Overlooking women farmers’ needs within agricultural policy and finance in the face of worsening climate crises has caused humanitarian hunger crises for which the international community provides little support. While women farmers of the global South are battling the very real and quickly escalating effects of climate change, the global North is locked in an ideological and often existential battle over whether or not anthropogenic climate change is even real. The lived experience of women farmers and their struggle to adapt is unfolding at the intersection of science, policy, and capital. Scientists seek to understand and address climate change, while corporations seek protection for their investments in fossil-fuel powered production and infrastructure.

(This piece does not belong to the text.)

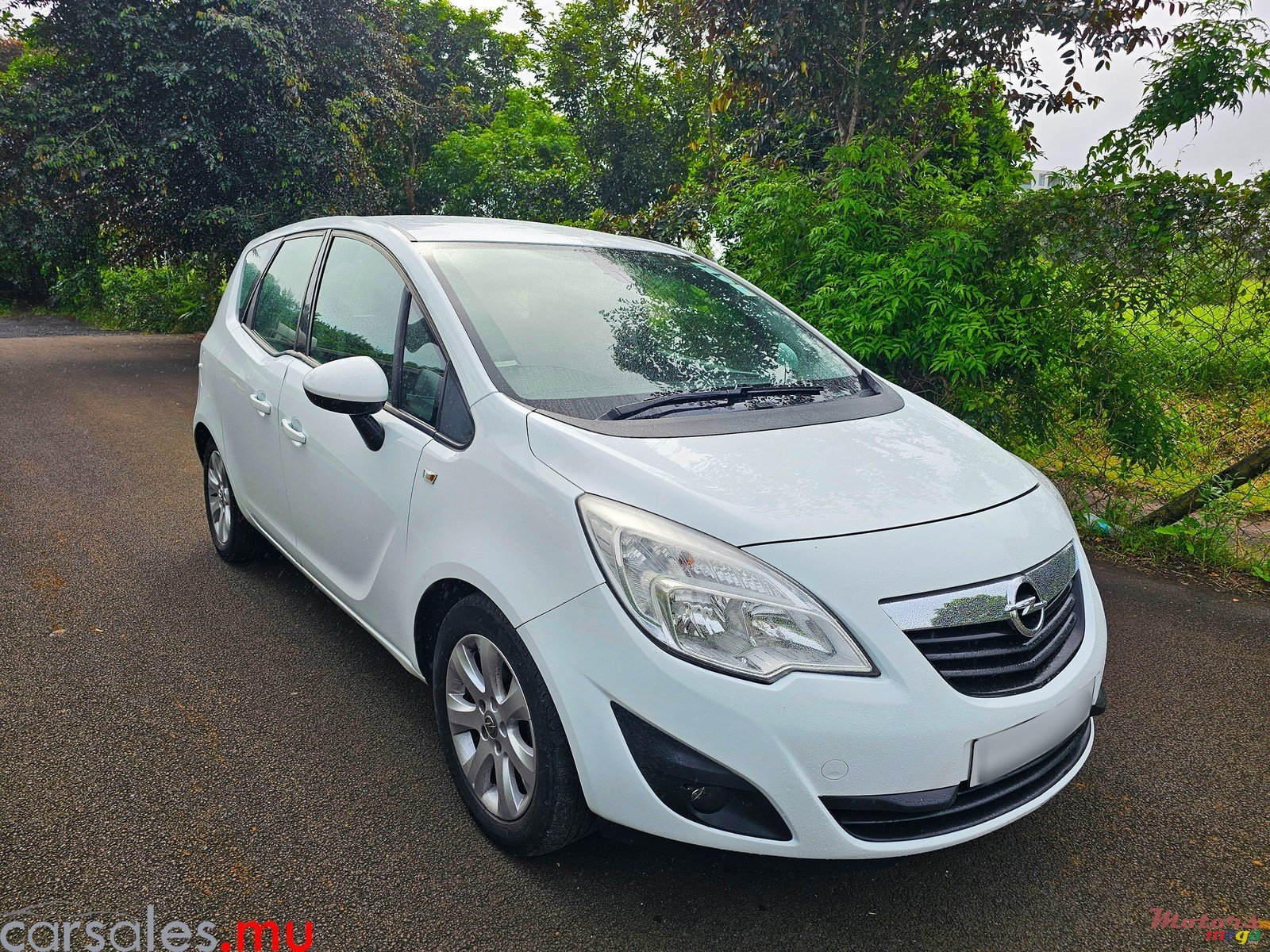 2012' Opel Meriva 1.4 Turbo photo #2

Policymakers, caught in this stalemate between climate science and corporate lobbying, seek to respond by managing emissions reduction and building adaptation capacity, while also maintaining economic growth. In the meantime, women try to feed their children.

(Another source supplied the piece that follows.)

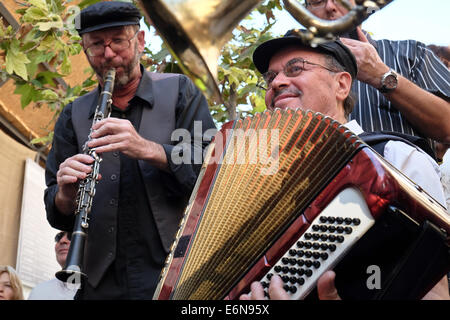 Jérusalem, Israël. 27 août, 2014. Musiciens, danseurs et acrobates, qui trouvent un sens et d'expression de leur âme par la musique Klezmer juive traditionnelle et portant des costumes traditionnels et des atours klezmer Hassidique, a ouvert le Festival Klezmer International de Jérusalem dans le quartier des rues du centre-ville. Credit : Alon Nir/Alamy Live News Banque D'Images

Climate justice, which is desperately needed in sub-Saharan Africa, depends not only on acceptance of climate change, but translation of this acceptance into action. Against this background, the policy stalemate can only be overcome by supplementing science with non-expert voices through the process of indeterminacy: that is, policymakers must consider both climate science and evidence from lived experience. Africa generates a meagre 3.7% of global fossil-fuel emissions yet suffers a higher proportion of impacts than other continents. It is irresponsible for governments in the global North to deny climate change rather than taking responsibility for practices that globally benefit the North at the expense of the South. The public in the global North needs a better understanding of climate science to call for government and policy action on climate threats now evident in wildfires and floods.

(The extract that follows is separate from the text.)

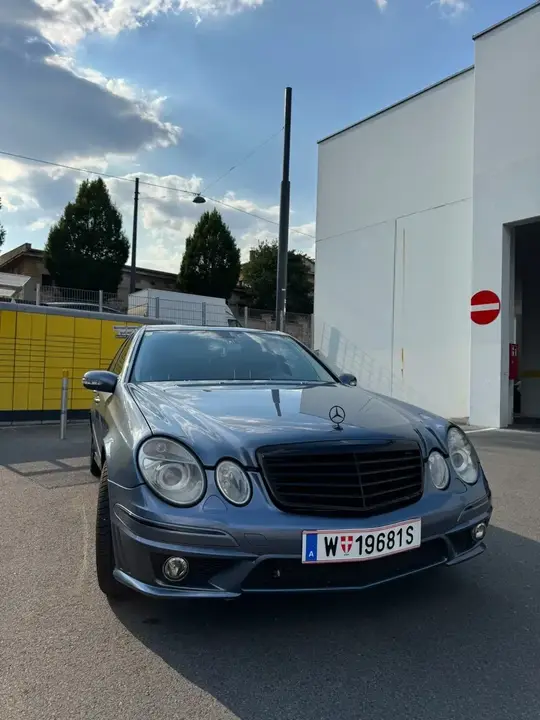 Mercedes-Benz E-Class 2005 photo 3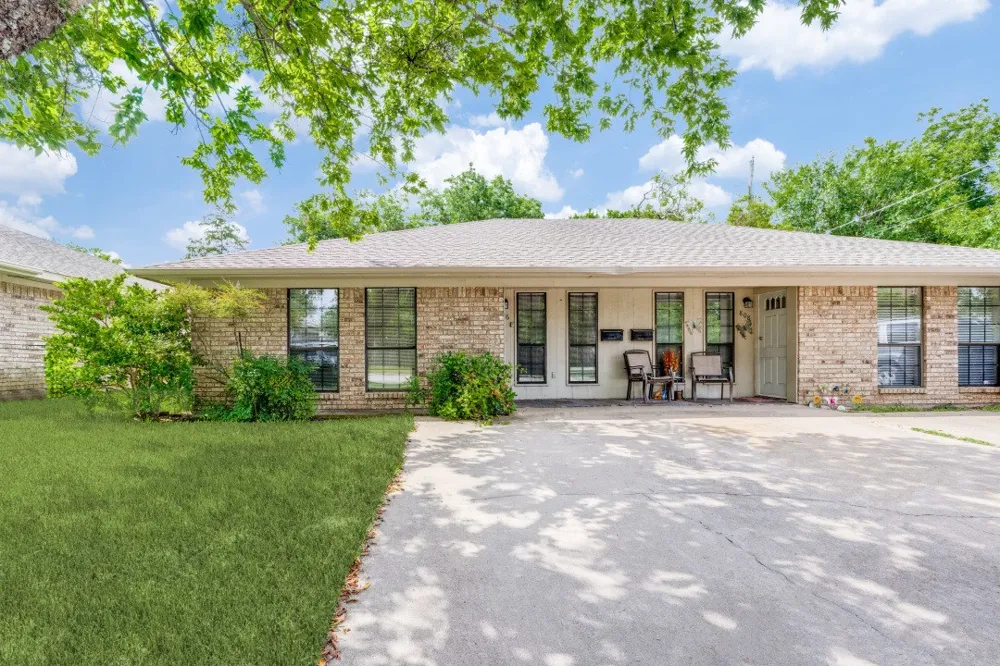 808 W Belden Street #806 Sherman, TX 75092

A women’s discussion group. By working as collectives, women often succeed where men’s groups have failed.

Gender inequity in Ghana

The West African nation of Ghana offers a case in point, and has been a focus of the research conducted by Dr Glazebrook and her collaborators. Dr Glazebrook has spent more than a decade talking to stakeholders in Ghana, from national and regional government departments and policymakers, to interviews and focus groups with women farmers, to performing surveys of rural areas. A little over half of the Ghanaian workforce are farmers, and together they produce 90% of the food consumed in the country. Of 58,000 km2 of cultivated land (a little under a quarter of the country), just 2% is irrigated; as such, famers typically rely on a single annual growing season fit around the seasonal rains. Women represent 39% of the farmers but provide in different regions of Ghana somewhere between 55% and 87% of the food. Lack of clarity over this number is symbolic of the invisibility of subsistence economics (typically the realm of women) in a reporting system focused on market-based indicators.

“Failure to prioritise women farmers’ needs in international finance mechanisms is exacerbating humanitarian hunger crises already well underway.”

When Ghana submitted its 2003 Poverty Reduction Strategy to the International Monetary Fund (IMF), the gender equity focus was based on substantial engagement with women farmers. The IMF rejected its ‘narrow’ neglect of market factors. With the threat of losing World Bank support, which is contingent on gaining IMF approval, the revised submission addressed gender primarily in terms of education. While this approach has certainly led to increases in women’s education, most of these young women seek employment, not farm work. This has left an ageing, economically invisible cohort of women farmers, who still lack access to finance, technology, and control over land tenure. The result: today approximately 1.2 million Ghanaians suffer food insecurity and many trained in business remain unemployed.

Overview of a village.

Governance and corporate policy change

Without effective interventions to address the roots of gender inequality, women farmers’ situations are unlikely to improve. Around the world, effective examples of change are almost exclusively the result of grassroots and community driven initiatives; in particular, by working as collectives, women often succeed where men’s groups have failed. To have a true impact, these successes need to be repeated at scale. It is within the power of international policy, aid, and finance systems to request that nation-states improve women farmers’ access to productivity-increasing resources, including credit, finance, and land tenure. A sustainable future demands governance and corporate policy changes aimed at creating a new global paradigm that values women’s food-security labour.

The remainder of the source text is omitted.